Task item —
Output, exactly as written, the lines below from the one that has "USB C to 3.5mm" through the one that has "The TRENDS Panama"; nothing else, and no pictures.

Records for the exercise —

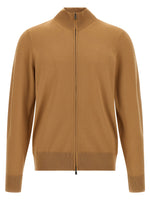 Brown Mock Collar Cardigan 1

--

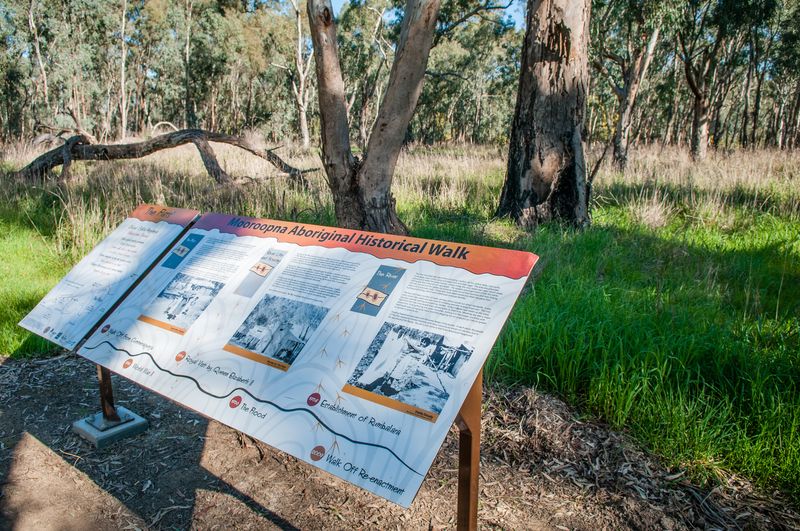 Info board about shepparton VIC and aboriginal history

==

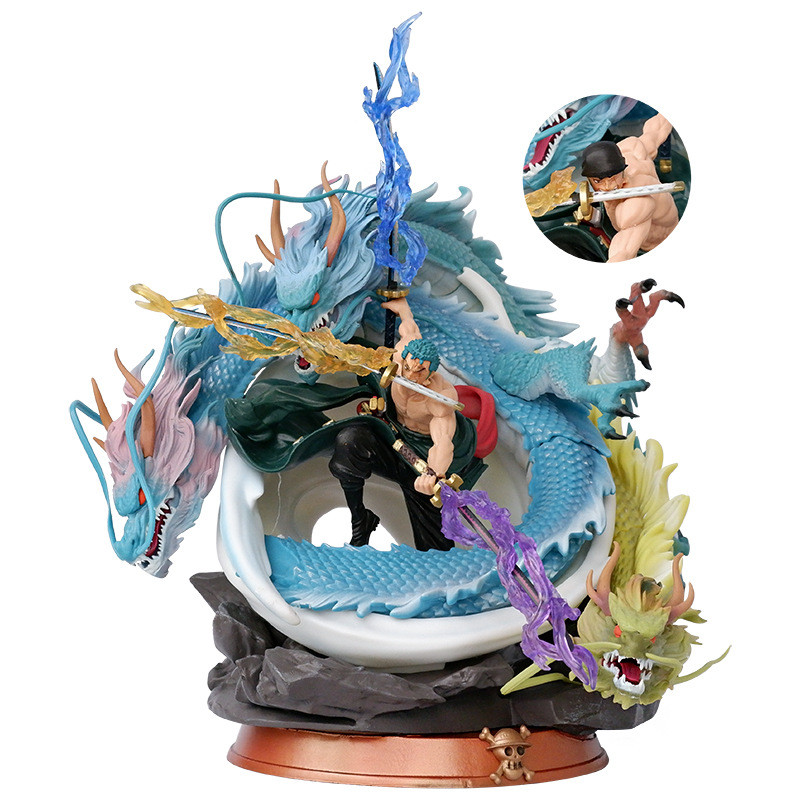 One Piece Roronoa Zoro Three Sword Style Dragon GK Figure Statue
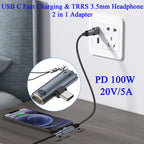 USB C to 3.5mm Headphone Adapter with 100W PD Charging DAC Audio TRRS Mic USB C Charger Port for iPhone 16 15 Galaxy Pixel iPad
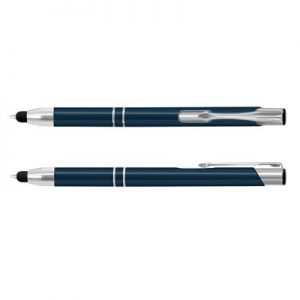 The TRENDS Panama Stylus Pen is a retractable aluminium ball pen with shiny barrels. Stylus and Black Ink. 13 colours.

Written solution —
 USB C to 3.5mm Headphone Adapter with 100W PD Charging DAC Audio TRRS Mic USB C Charger Port for iPhone 16 15 Galaxy Pixel iPad
 The TRENDS Panama Stylus Pen is a retractable aluminium ball pen with shiny barrels. Stylus and Black Ink. 13 colours.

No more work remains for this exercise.